== Work task ==
Set down all of the records exactly.

======== Source records ========

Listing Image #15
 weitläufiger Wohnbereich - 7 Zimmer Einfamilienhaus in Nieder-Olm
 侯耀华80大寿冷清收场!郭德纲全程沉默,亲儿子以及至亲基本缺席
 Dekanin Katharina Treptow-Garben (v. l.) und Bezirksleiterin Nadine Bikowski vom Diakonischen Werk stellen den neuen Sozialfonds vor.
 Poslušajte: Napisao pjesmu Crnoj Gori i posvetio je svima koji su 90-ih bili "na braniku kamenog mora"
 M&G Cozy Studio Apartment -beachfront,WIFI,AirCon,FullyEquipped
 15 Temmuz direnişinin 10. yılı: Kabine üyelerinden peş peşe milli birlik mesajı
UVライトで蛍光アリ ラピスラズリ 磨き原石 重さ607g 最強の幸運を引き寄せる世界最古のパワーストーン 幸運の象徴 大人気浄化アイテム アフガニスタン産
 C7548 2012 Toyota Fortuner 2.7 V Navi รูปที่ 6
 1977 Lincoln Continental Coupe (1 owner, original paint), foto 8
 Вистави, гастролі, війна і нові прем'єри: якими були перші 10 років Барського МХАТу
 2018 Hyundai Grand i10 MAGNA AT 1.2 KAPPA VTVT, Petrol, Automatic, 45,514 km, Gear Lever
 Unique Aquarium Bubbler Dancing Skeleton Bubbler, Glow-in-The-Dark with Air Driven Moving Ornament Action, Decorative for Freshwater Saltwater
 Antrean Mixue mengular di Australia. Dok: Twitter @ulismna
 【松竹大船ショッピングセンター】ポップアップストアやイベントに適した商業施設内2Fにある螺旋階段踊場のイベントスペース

========

== Expected answer ==
Listing Image #15
 weitläufiger Wohnbereich - 7 Zimmer Einfamilienhaus in Nieder-Olm
 侯耀华80大寿冷清收场!郭德纲全程沉默,亲儿子以及至亲基本缺席
 Dekanin Katharina Treptow-Garben (v. l.) und Bezirksleiterin Nadine Bikowski vom Diakonischen Werk stellen den neuen Sozialfonds vor.
 Poslušajte: Napisao pjesmu Crnoj Gori i posvetio je svima koji su 90-ih bili "na braniku kamenog mora"
 M&G Cozy Studio Apartment -beachfront,WIFI,AirCon,FullyEquipped
 15 Temmuz direnişinin 10. yılı: Kabine üyelerinden peş peşe milli birlik mesajı
UVライトで蛍光アリ ラピスラズリ 磨き原石 重さ607g 最強の幸運を引き寄せる世界最古のパワーストーン 幸運の象徴 大人気浄化アイテム アフガニスタン産
 C7548 2012 Toyota Fortuner 2.7 V Navi รูปที่ 6
 1977 Lincoln Continental Coupe (1 owner, original paint), foto 8
 Вистави, гастролі, війна і нові прем'єри: якими були перші 10 років Барського МХАТу
 2018 Hyundai Grand i10 MAGNA AT 1.2 KAPPA VTVT, Petrol, Automatic, 45,514 km, Gear Lever
 Unique Aquarium Bubbler Dancing Skeleton Bubbler, Glow-in-The-Dark with Air Driven Moving Ornament Action, Decorative for Freshwater Saltwater
 Antrean Mixue mengular di Australia. Dok: Twitter @ulismna
 【松竹大船ショッピングセンター】ポップアップストアやイベントに適した商業施設内2Fにある螺旋階段踊場のイベントスペース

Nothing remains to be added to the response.